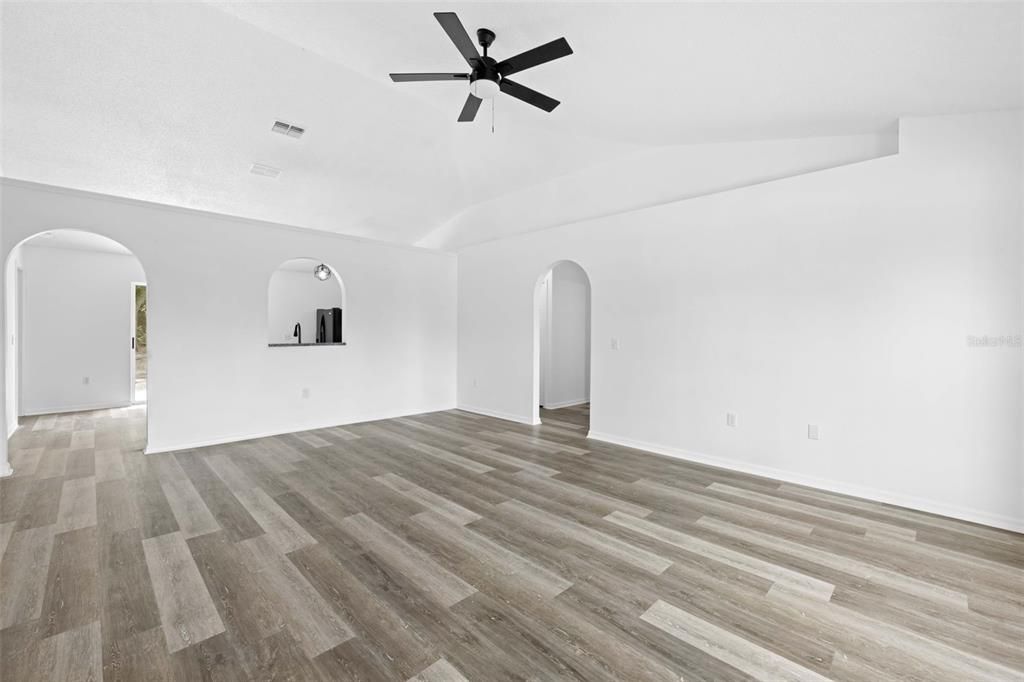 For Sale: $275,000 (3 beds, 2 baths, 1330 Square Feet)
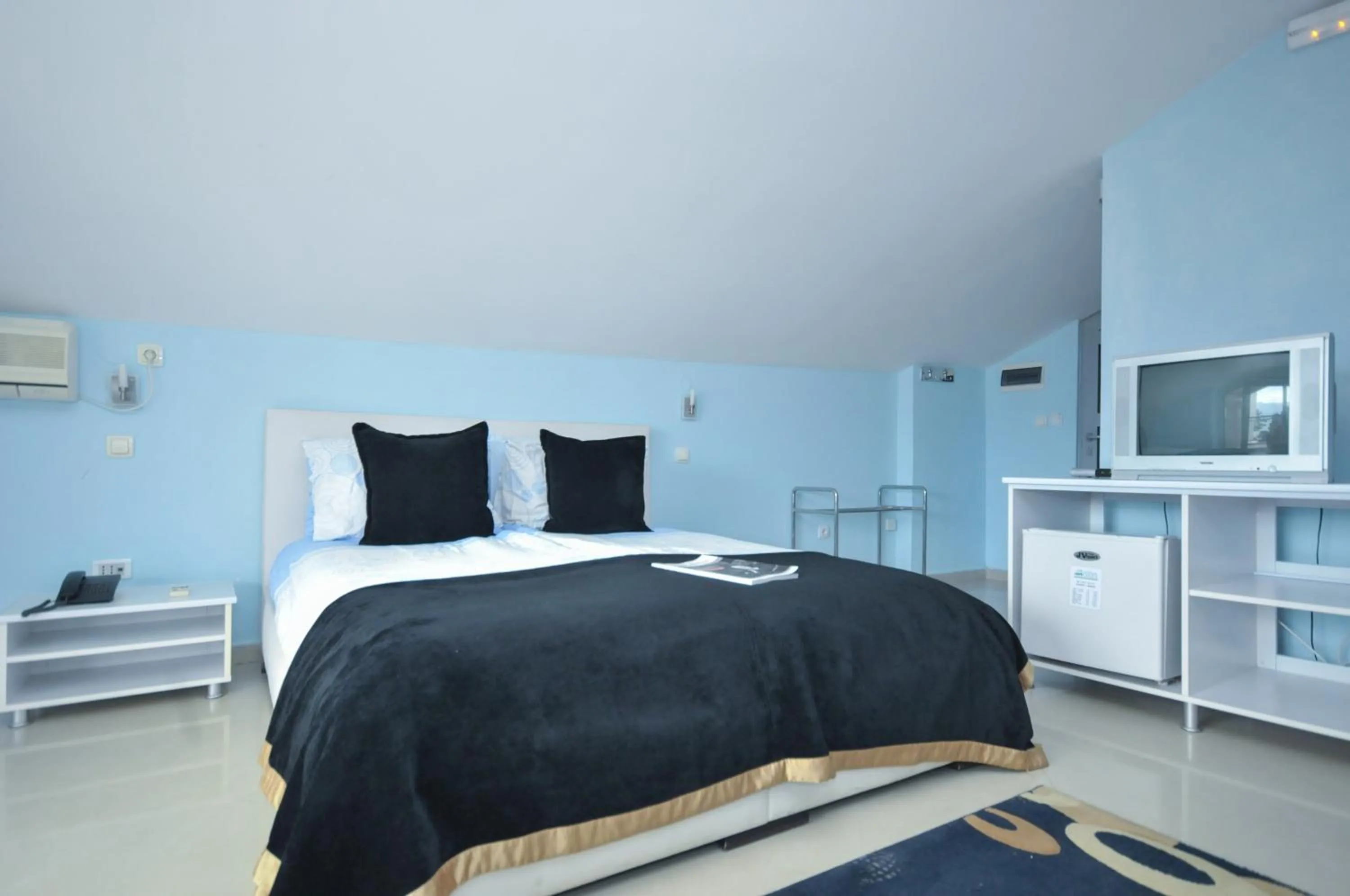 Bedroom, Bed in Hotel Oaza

::::::

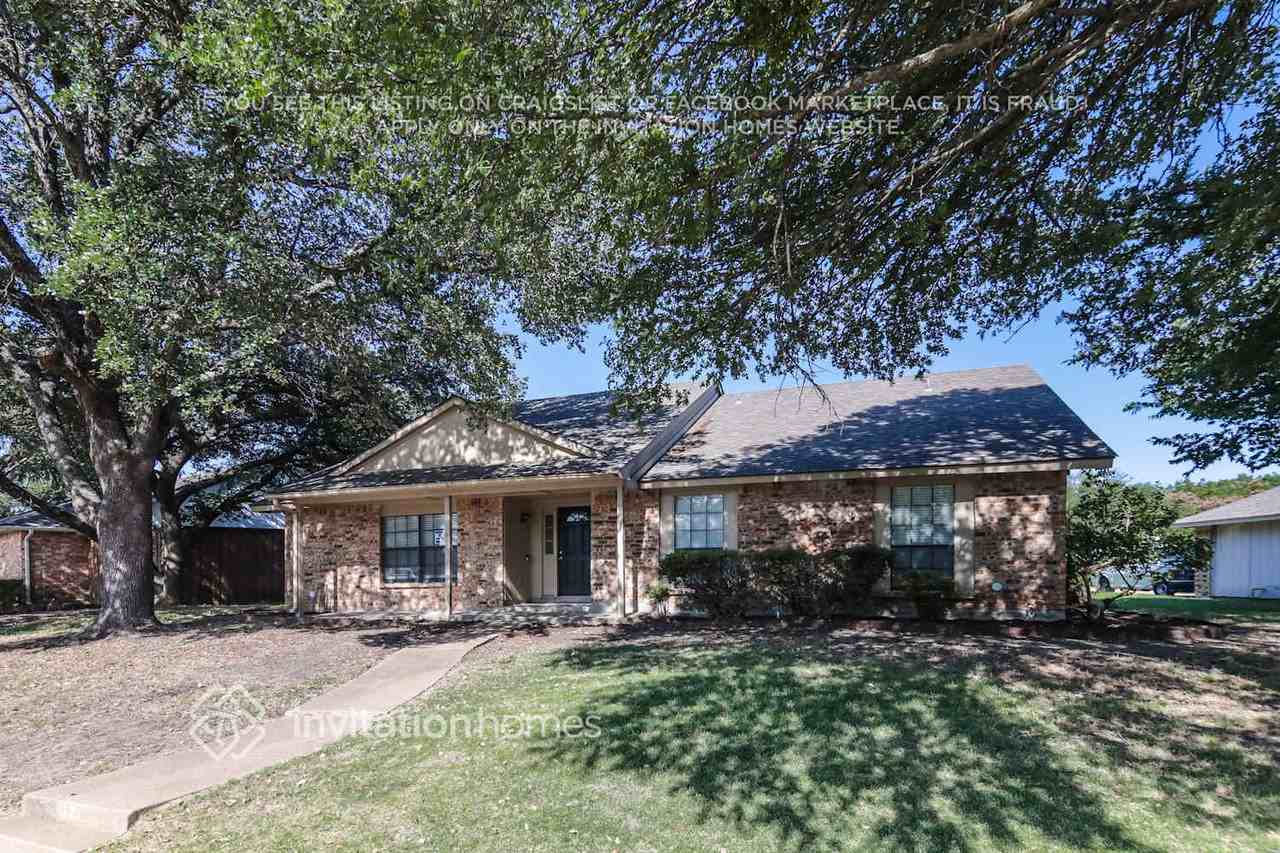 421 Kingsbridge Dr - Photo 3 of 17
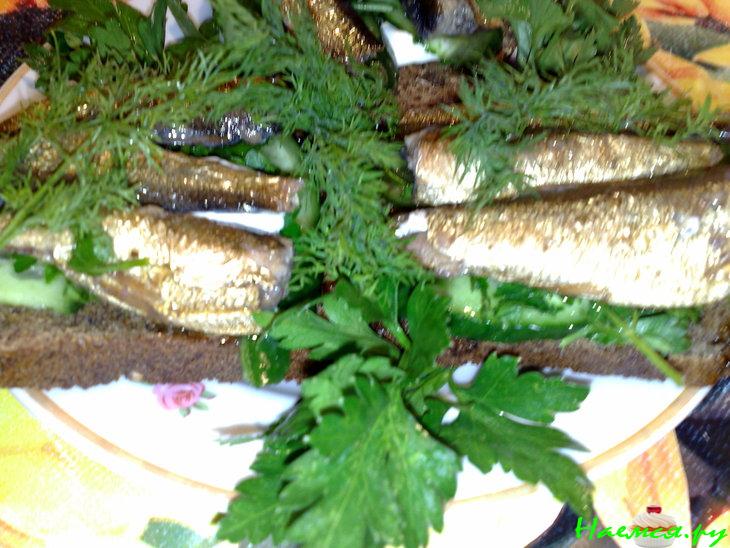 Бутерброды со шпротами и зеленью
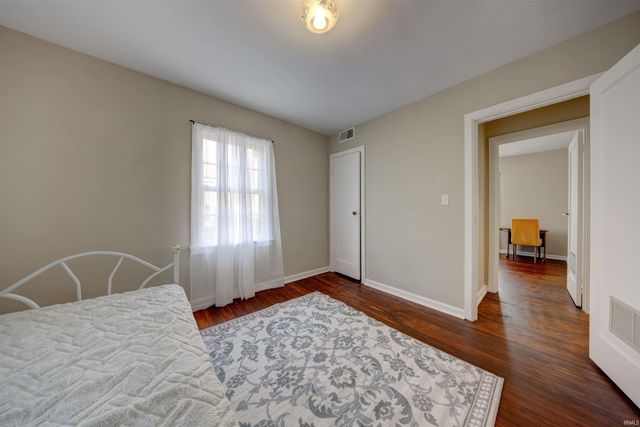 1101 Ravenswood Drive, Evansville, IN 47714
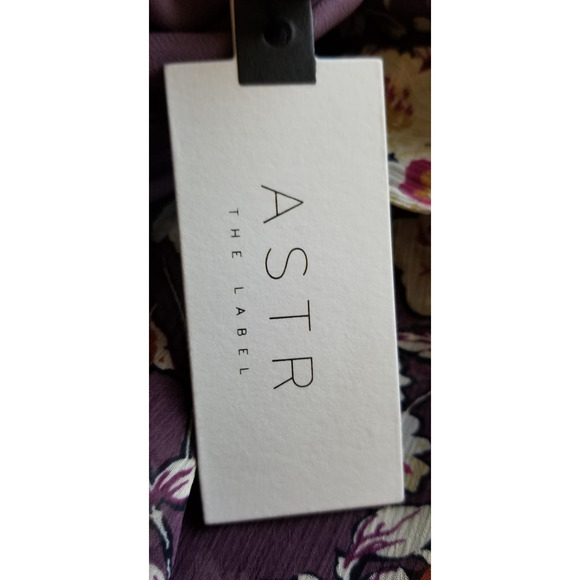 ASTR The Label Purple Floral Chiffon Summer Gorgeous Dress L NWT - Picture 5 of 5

::::::

In the data above, take the line with "For Sale: $275,000", the line with "Bedroom, Bed in Hotel Oaza", and every line between, and set them down exactly without pictures.

#### EXERCISE RESULT
 For Sale: $275,000 (3 beds, 2 baths, 1330 Square Feet)
 Bedroom, Bed in Hotel Oaza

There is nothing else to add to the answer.